* [EXERCISE DESCRIPTION] Return each line of the records holding the string "Photo".

* [RECORD EXCERPTS]
---
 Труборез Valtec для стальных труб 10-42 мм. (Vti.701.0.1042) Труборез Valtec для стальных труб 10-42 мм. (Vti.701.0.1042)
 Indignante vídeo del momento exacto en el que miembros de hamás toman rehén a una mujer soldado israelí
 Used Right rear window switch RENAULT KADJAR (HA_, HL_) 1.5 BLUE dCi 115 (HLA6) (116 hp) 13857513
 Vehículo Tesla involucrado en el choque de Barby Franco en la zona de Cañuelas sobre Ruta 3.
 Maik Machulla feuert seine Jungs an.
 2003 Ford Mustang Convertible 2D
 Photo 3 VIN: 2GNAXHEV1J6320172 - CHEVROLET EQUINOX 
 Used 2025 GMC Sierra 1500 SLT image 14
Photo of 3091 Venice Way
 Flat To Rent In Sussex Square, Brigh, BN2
---
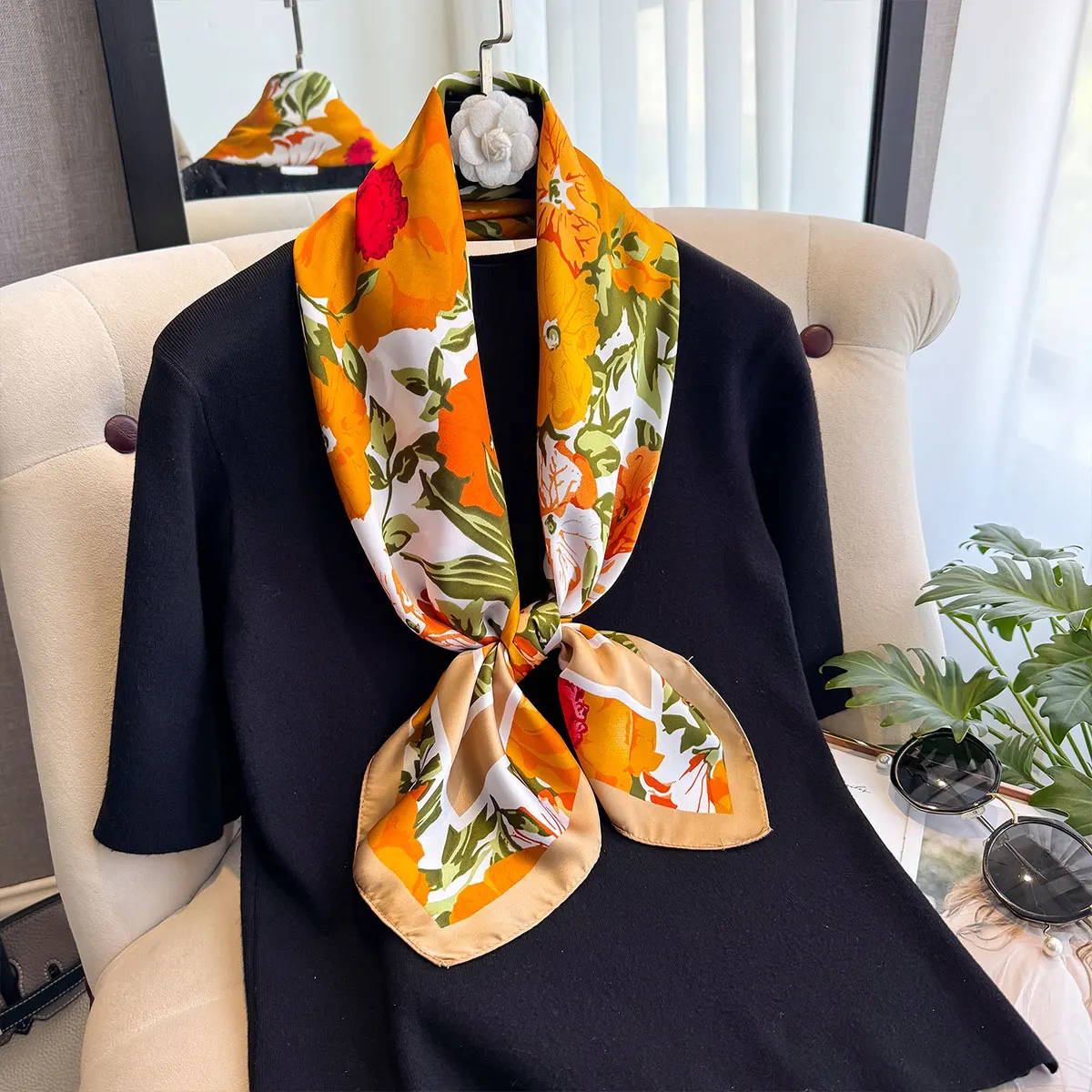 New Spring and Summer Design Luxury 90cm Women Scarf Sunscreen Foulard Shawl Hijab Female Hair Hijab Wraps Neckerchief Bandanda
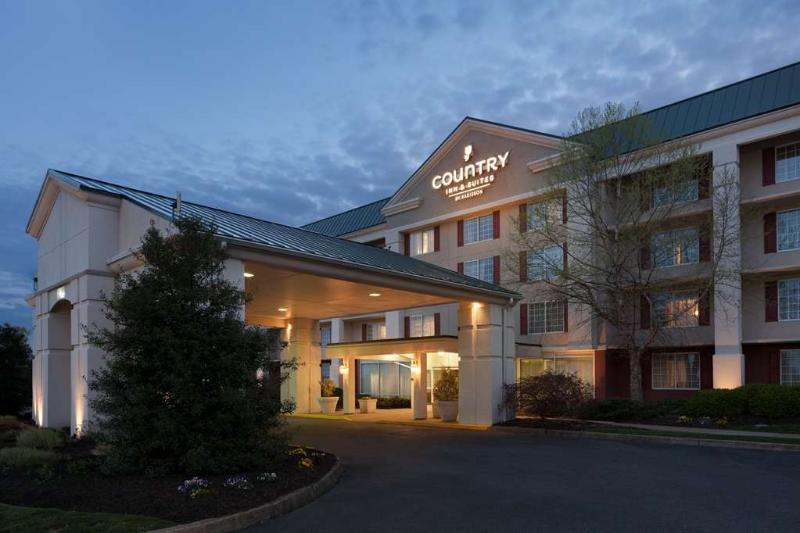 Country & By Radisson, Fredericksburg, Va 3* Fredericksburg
---
* [SOLUTION TO THIS PROBLEM]
 Photo 3 VIN: 2GNAXHEV1J6320172 - CHEVROLET EQUINOX 
Photo of 3091 Venice Way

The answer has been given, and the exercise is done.